習氏批判のネット事件続発

茅原 郁生拓殖大学名誉教授 茅原 郁生

権力集中でも内憂外患

個人崇拝的敬称などを禁制

 中国では来年秋の党大会を控えて政治的安定を揺るがしかねない事態が発生した。去る3月に中国のネットメディアに習近平主席に辞任を求める公開書簡が掲載されるという前代未聞の事件が発生した。言うまでもなく記事はすぐ削除され、中国内報道も抑え込まれた。しかし、その前後にも企業家で優秀党員のブログによる習批判など類似の事件が続発していた。これらの出来事は何を意味するのか、本稿では習主席の政治手法から探ってみたい。

 習主席は、徹底した反腐敗闘争を展開するとともに、近年は領導小組を新設して自らがその長に就くなど権力集中を急いできた。さらに「習近平を核心とする」論が起こり、「習大大」といった表現が氾濫し、総書記賛美歌曲や毛・鄧・習の3人が並ぶ肖像まて出現し、禁断の個人崇拝を思わせる動きが現れた。

 反腐敗闘争では、「刑は常務委員(常委)に上がらず」の不文律を無視して周永康元常委に終身刑を科し、「党の柱石」たる解放軍のトップに昇った郭伯雄大将の軍事裁判などを強行してきた。そこには権力闘争を臭わせる部分もあるが、高官の腐敗も例外ない姿勢に国民は喝采してきた。

 党組織全体の引き締めも図っており、史上最も厳しい党規律処分条例を制定し、そこでは党中央の重要な政策・方針をネット・メディアなどで論議することや党内分派やグループ結成などを禁止している。その上で、党員に「形式主義、官僚主義、享楽主義、贅沢を好む風潮」を厳しく戒め、「三厳三実」など道徳規範を求め、党内を締め付けてきた。その背景には、党幹部の汚職腐敗を放置すれば共産党統治体制の維持は難しくなるとの習主席の危機感がある。重要決定は政治局常務委員会の多数決によるとする慣例では対応できないと見て自らに権限を集中させてきたのではないか。

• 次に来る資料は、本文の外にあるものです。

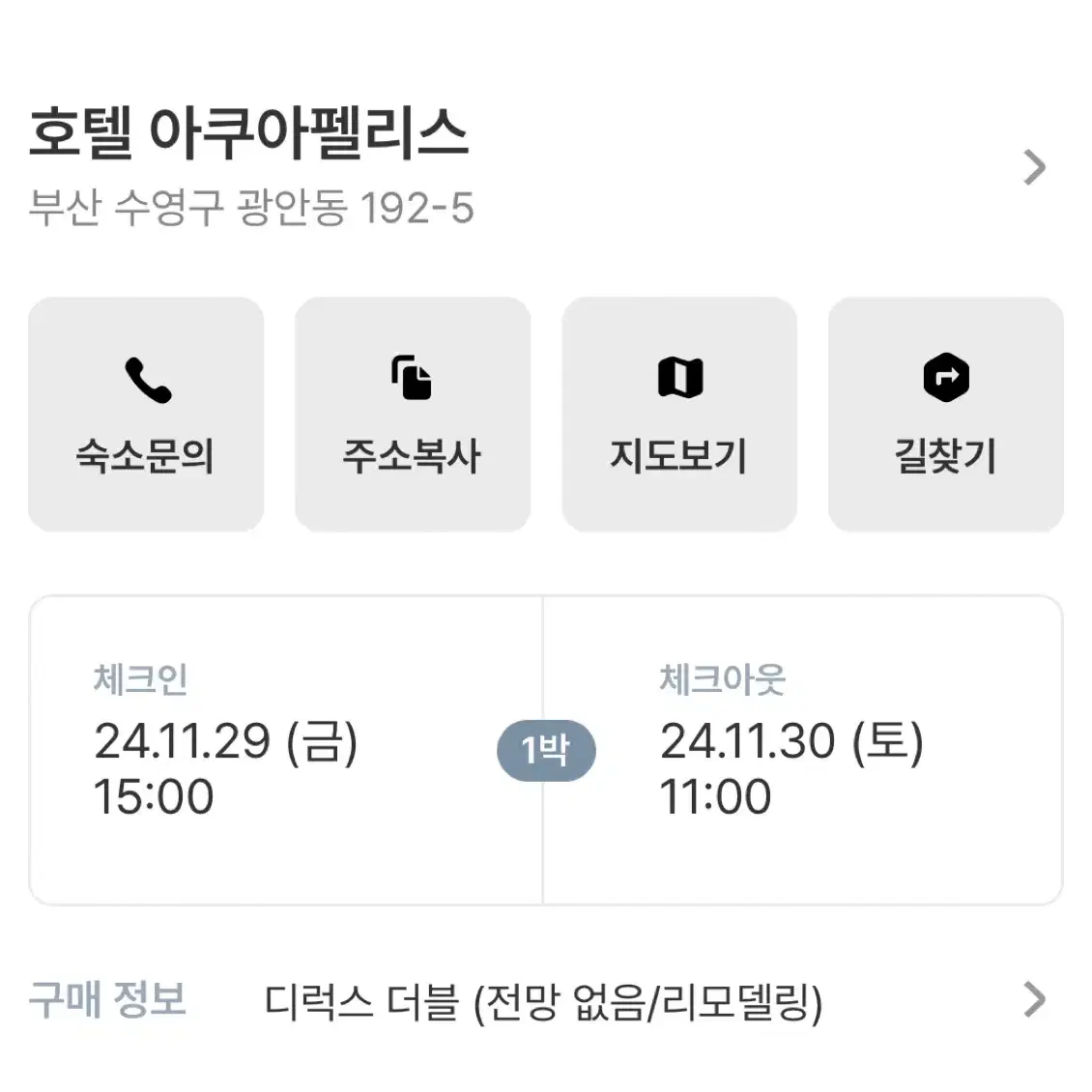 부산 광안리 앞 호텔 아쿠아펠리스 급처 11.29(금)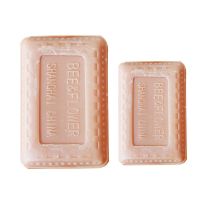 蜂花檀香皂 玫瑰皂 茉莉皂沐浴皂国货香皂 81g+125g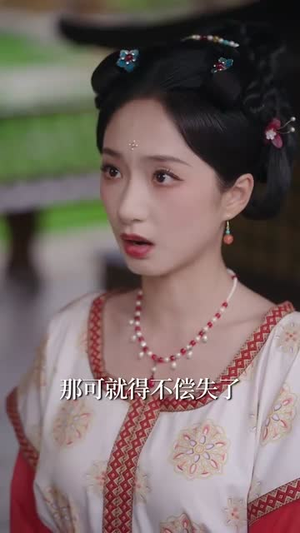 锁东宫（78集）每日短剧分享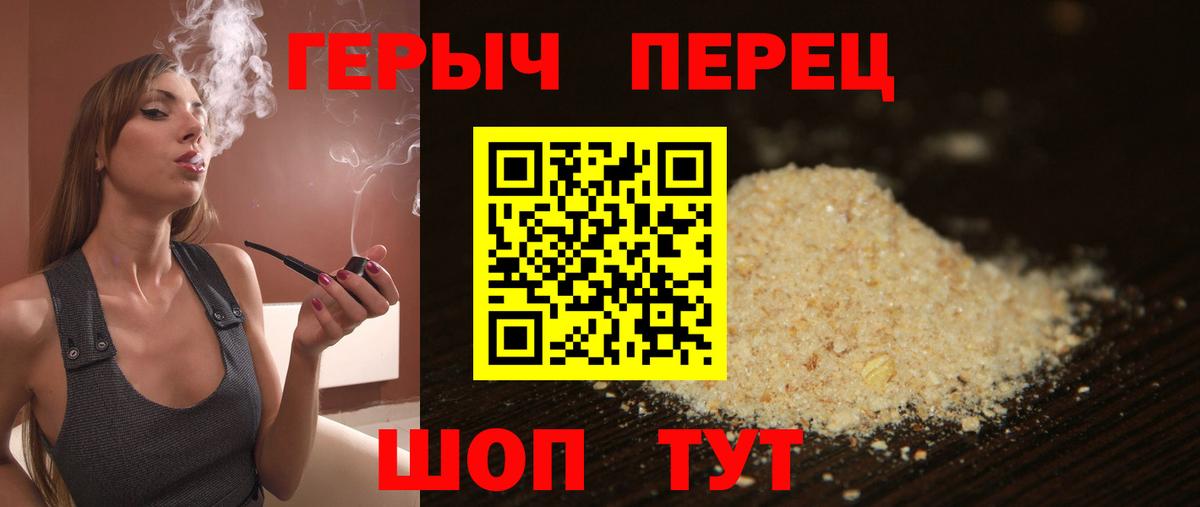 Героин  Вход с VPN  Коряжма  ГЕРОИН афганец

 そこで、これまでの習近平氏の権力掌握を整理しておくと、周知のように第18回党大会で共産党トップの総書記、軍の統帥権を握る中央軍事委員会主席、翌春の全人代で国家主席に、と党・国家・軍の3権を掌握した。その他に、これまでも総書記が担ってきた中央対台湾工作領導小組長、中央財経領導小組長、中央外事・国家安全工作領導小組長にも就任した。

 新たに2013年には三中全会に向けた中央全面深化改革領導小組長と中央軍委深化国防・軍事改革領導小組長に、14年には国家安全委員会主席、中央インターネット安全・情報化領導小組長に就いている。また、大規模な軍事改革推進の中で4月には中央軍委統合作戦指揮センター総指揮に就くなど、全部で11個の実質的な権力の座を独占している。国家統治上いずれの分野にも指示を出せるポストを握り、特に社会安泰に関わる体制維持部門を重視している。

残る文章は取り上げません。